= Rectosigmoid junction =

Proposed human anatomical structure

The rectosigmoid junction, formerly the rectosigmoid sphincter or sphincter of O'Beirne, is the junction of the sigmoid colon and the rectum.

== Hypothesized sphincter ==

The rectosigmoid sphincter, also known as the sphincter of O'Beirne, was hypothesized as an anatomical structure located between the sigmoid colon and rectum. The structure was first proposed by the 19th-century Irish surgeon James O'Beirne. Its existence, structure and function has been a matter of long-standing medical controversy. The Latin names sphincter ani tertius and pylorus sigmoidrectalis also been used.

As of 2025, the existence of some form of distinct contractile anatomical structure at the rectosigmoid junction, if not an actual sphincter, in many people is acknowledged in numerous articles in the medical literature.

The junction is made up of circular and longitudinal muscle fascia. Like many of our other digestive system’s sphincters: Upper esophageal sphincter (UES) , pyloric sphincter , sphincter of Oddi; this junction may have a high-pressure zone mimicking our digestive systems’ sphincter-like functions .The RSJ may also play a role in regulating stool passage by increasing rectal pressure and thereby preventing premature reflux of rectal contents back into the sigmoid colon. However, this functional role of the rectosigmoid junction is yet to be considered as a distinct anatomical sphincter.

== Molecular signature of rectosigmoid junction cancer ==
A 2023 study suggested that cancers of the rectosigmoid junction exhibit different chemical signatures from either cancers of the colon or cancers of the rectum.

Clinical Significance

The junction is important in clinical practices, especially in the classification and management of colorectal diseases and colorectal cancer. Due to its variable definition of sigmoid and rectal pathology of whether to classify tumors in this region as colorectal cancer or rectal cancer, it may complicate diagnostic approaches and treatments in cancer .

The taenia coli of the colon spreads out to form a continuous longitudinal muscle layer around the rectum, approximately 12-15 cm from the anal verge.

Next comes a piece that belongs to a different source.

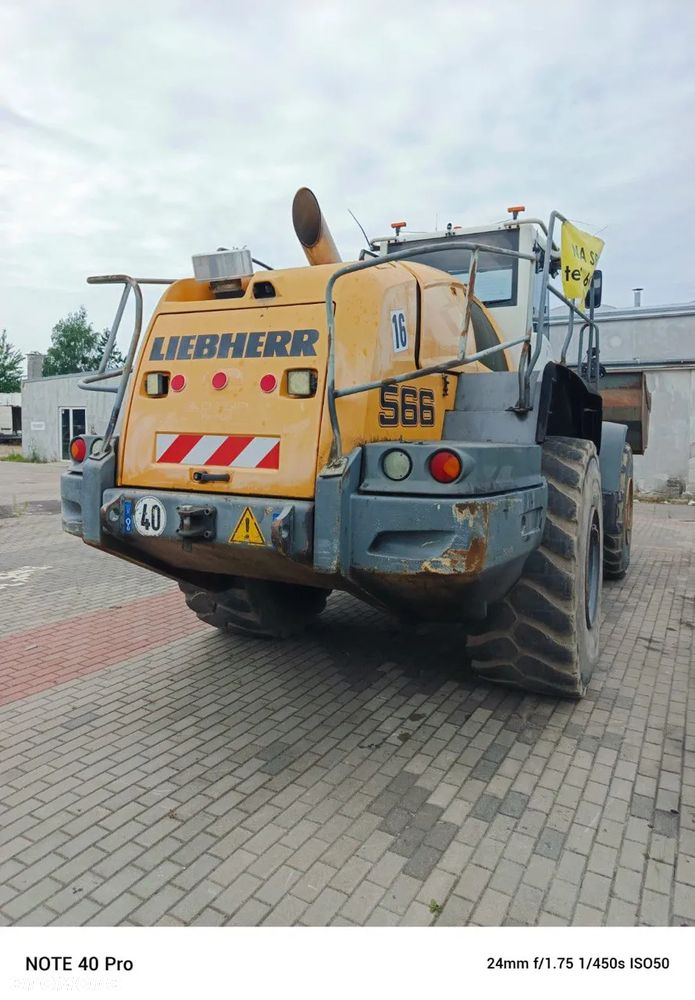 Liebherr L566 - 12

Research indicates that RSJ cancers can have a higher propensity for synchronous liver metastasis and lymphovascular invasion when compared to tumors in the sigmoid or upper rectum.

In a retrospective cohort study, the five-year survival rate for patients with carcinomas as the RSJ was significantly lower than that of patients with tumors in the sigmoid colon or upper rectum. However, other large-scale registry data show that when adjusted for comorbidities in patients, RSJ and rectal cancers could have slightly better survival chances than proximal colon cancers in specific demographics.